I finally finished putting in the potatoes on Sunday morning. I had just enough space! Although I think that probably they are a bit too close together. Oh well I will just have to feed them well and mulch them so no spuds grow through the soil. The very first ones I planted back at the end of February are just peeking through, so I shall soon be earthing them up.
I sowed some more carrots (Flyaway variety), after having dug up some couch grass that is really being a nuisance along the top path. I got some of it up, I will have to persist with that over the next week or so. I surrounded the carrots with a few spare onions, since they say to do that, and I can't bear wasting even a dozen onions.
I noticed that there is quite a big space between my garlic and the onions, I obviously didn't mark them out right. So I have sowed a few spare white spring onion seeds I had left (they never seem to take! But I am eternally hopeful). There will be room there for a few lettuce probably as time goes on, so I shall leave it empty I think.
That was all I really had time for. It was still quite cold, but many things are taking off, like the artichoke and the rhubarb which are looking splendid, I think the cold winter did them a world of good.

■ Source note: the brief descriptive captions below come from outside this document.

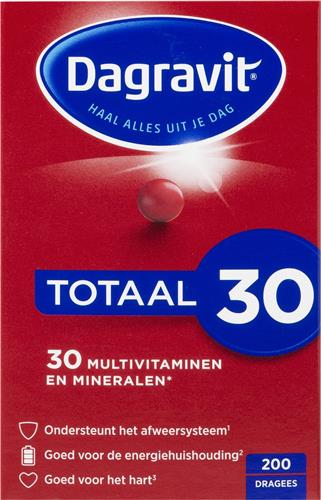 Dagravit Totaal 30 Multivitaminen - Vitamine A, C en het mineraal selenium ondersteunen het afweersysteem - 200 dragees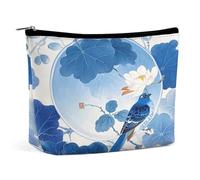 Travel Makeup Bag Portable Cosmetic Bags for Women Blue And White Chinese Style Flower And Bird Make Up Bags Organizer With Zipper Waterproof Open Flat Toiletry Bag Cute Makeup Pouch for Travel Access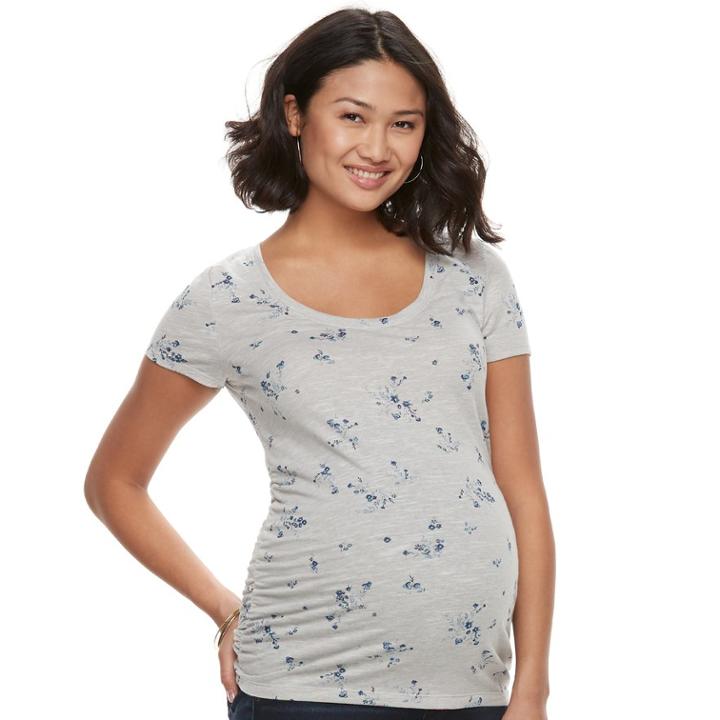 Maternity A:glow Ruched Scoopneck Tee, Women's, Size: Xs Maternity, Light Grey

My next challenge is to dig over and black-plastic the future courgette bed, that will be less work in May then, and to prepare the small melon bed that I am trying. I will get some fleece and try and grow some melons under a bit of cover, as I still have all that cow manure, seems a shame to not to try some greedier plants this season. I also have to get the "real" cold frame up and built so I can move all the tenders into it soon, to avoid cluttering up the house.